(Directions for this task) A single number is expected: the count of lines in the records below that contain "para".

(Stored data entries)

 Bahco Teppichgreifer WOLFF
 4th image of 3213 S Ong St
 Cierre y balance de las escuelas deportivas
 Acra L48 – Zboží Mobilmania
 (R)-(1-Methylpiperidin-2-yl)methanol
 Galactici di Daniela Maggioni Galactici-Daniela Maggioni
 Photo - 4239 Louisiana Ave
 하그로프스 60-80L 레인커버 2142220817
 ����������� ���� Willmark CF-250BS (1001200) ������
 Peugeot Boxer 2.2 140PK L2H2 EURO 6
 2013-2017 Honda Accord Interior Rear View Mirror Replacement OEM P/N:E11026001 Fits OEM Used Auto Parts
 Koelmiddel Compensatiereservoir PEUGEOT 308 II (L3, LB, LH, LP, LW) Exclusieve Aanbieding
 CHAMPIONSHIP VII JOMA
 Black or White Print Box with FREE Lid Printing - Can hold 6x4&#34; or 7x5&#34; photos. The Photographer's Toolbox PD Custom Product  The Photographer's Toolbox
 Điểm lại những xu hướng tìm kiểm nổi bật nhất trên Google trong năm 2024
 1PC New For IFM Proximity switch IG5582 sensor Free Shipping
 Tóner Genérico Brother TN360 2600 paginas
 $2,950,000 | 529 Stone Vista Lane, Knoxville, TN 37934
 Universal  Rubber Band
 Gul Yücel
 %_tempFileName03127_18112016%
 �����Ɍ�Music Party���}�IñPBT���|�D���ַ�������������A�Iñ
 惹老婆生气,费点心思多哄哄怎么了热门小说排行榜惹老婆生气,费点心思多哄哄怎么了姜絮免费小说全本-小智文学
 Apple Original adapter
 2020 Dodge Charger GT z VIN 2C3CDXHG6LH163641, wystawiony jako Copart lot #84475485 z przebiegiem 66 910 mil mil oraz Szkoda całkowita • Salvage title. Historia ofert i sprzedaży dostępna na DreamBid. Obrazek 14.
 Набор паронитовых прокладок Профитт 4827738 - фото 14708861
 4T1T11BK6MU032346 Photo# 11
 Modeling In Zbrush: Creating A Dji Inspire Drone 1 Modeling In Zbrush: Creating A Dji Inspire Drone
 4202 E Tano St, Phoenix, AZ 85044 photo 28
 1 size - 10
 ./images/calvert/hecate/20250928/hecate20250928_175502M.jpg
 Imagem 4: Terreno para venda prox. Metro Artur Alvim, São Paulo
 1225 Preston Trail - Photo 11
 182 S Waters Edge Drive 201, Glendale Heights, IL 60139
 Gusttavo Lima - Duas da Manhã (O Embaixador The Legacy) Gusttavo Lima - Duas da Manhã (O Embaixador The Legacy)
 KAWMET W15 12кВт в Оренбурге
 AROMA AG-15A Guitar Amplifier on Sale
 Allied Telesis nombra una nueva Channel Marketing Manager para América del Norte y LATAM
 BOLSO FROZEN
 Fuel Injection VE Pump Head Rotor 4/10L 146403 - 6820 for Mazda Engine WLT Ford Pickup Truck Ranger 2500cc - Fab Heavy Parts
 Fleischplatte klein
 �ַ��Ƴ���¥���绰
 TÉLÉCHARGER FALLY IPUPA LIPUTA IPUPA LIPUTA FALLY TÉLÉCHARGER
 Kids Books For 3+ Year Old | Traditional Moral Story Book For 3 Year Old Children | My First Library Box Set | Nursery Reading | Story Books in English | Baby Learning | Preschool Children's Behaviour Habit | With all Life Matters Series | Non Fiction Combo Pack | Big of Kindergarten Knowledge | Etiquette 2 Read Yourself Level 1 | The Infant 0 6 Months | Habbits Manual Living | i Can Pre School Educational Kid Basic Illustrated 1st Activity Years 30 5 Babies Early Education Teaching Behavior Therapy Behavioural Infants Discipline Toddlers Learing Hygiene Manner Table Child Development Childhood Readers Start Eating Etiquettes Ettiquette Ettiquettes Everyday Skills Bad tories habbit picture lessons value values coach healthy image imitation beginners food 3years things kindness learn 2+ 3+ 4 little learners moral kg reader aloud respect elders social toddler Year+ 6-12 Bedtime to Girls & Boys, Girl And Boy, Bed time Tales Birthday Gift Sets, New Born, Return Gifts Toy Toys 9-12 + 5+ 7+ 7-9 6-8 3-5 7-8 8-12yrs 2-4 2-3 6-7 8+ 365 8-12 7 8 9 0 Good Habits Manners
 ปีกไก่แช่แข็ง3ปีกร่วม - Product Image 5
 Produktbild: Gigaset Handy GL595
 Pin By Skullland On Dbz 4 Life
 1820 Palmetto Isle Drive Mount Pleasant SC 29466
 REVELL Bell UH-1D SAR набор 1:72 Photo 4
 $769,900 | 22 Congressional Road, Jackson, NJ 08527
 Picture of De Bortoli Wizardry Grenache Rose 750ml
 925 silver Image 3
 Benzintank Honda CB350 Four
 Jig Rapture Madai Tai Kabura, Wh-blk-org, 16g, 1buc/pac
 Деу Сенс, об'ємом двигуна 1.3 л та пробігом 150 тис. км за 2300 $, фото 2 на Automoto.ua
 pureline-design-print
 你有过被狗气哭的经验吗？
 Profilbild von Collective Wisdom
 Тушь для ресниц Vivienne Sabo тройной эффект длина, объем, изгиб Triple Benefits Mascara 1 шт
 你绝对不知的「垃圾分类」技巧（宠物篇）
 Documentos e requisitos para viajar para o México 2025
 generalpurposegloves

(Response) 3